WHAT TO DO:
Copy every line below. Do not alter any of them.

Brief descriptive captions:
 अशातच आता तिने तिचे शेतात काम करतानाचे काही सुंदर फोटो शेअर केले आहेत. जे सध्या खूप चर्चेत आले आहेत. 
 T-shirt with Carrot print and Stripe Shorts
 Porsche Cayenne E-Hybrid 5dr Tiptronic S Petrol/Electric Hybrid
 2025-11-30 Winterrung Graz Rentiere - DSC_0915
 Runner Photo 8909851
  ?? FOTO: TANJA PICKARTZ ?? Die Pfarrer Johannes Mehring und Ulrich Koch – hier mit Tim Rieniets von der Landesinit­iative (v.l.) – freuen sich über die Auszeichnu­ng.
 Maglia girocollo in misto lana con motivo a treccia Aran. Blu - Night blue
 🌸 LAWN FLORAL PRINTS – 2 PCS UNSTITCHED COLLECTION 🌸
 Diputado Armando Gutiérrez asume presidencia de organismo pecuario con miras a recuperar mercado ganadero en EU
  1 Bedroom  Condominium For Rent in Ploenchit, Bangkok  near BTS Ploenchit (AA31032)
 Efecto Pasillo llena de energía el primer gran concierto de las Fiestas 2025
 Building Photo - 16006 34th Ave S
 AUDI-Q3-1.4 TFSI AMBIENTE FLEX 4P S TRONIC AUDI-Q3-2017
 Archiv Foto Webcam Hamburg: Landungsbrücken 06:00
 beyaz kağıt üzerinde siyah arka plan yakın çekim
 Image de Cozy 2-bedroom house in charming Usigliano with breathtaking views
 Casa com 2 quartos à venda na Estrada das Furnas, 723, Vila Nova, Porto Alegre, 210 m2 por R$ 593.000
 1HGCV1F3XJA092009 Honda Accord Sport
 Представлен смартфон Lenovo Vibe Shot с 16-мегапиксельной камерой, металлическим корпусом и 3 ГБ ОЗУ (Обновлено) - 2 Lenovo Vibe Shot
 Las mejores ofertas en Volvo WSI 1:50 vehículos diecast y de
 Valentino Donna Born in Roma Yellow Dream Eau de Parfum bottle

WRITTEN ANSWER:
 अशातच आता तिने तिचे शेतात काम करतानाचे काही सुंदर फोटो शेअर केले आहेत. जे सध्या खूप चर्चेत आले आहेत. 
 T-shirt with Carrot print and Stripe Shorts
 Porsche Cayenne E-Hybrid 5dr Tiptronic S Petrol/Electric Hybrid
 2025-11-30 Winterrung Graz Rentiere - DSC_0915
 Runner Photo 8909851
  ?? FOTO: TANJA PICKARTZ ?? Die Pfarrer Johannes Mehring und Ulrich Koch – hier mit Tim Rieniets von der Landesinit­iative (v.l.) – freuen sich über die Auszeichnu­ng.
 Maglia girocollo in misto lana con motivo a treccia Aran. Blu - Night blue
 🌸 LAWN FLORAL PRINTS – 2 PCS UNSTITCHED COLLECTION 🌸
 Diputado Armando Gutiérrez asume presidencia de organismo pecuario con miras a recuperar mercado ganadero en EU
  1 Bedroom  Condominium For Rent in Ploenchit, Bangkok  near BTS Ploenchit (AA31032)
 Efecto Pasillo llena de energía el primer gran concierto de las Fiestas 2025
 Building Photo - 16006 34th Ave S
 AUDI-Q3-1.4 TFSI AMBIENTE FLEX 4P S TRONIC AUDI-Q3-2017
 Archiv Foto Webcam Hamburg: Landungsbrücken 06:00
 beyaz kağıt üzerinde siyah arka plan yakın çekim
 Image de Cozy 2-bedroom house in charming Usigliano with breathtaking views
 Casa com 2 quartos à venda na Estrada das Furnas, 723, Vila Nova, Porto Alegre, 210 m2 por R$ 593.000
 1HGCV1F3XJA092009 Honda Accord Sport
 Представлен смартфон Lenovo Vibe Shot с 16-мегапиксельной камерой, металлическим корпусом и 3 ГБ ОЗУ (Обновлено) - 2 Lenovo Vibe Shot
 Las mejores ofertas en Volvo WSI 1:50 vehículos diecast y de
 Valentino Donna Born in Roma Yellow Dream Eau de Parfum bottle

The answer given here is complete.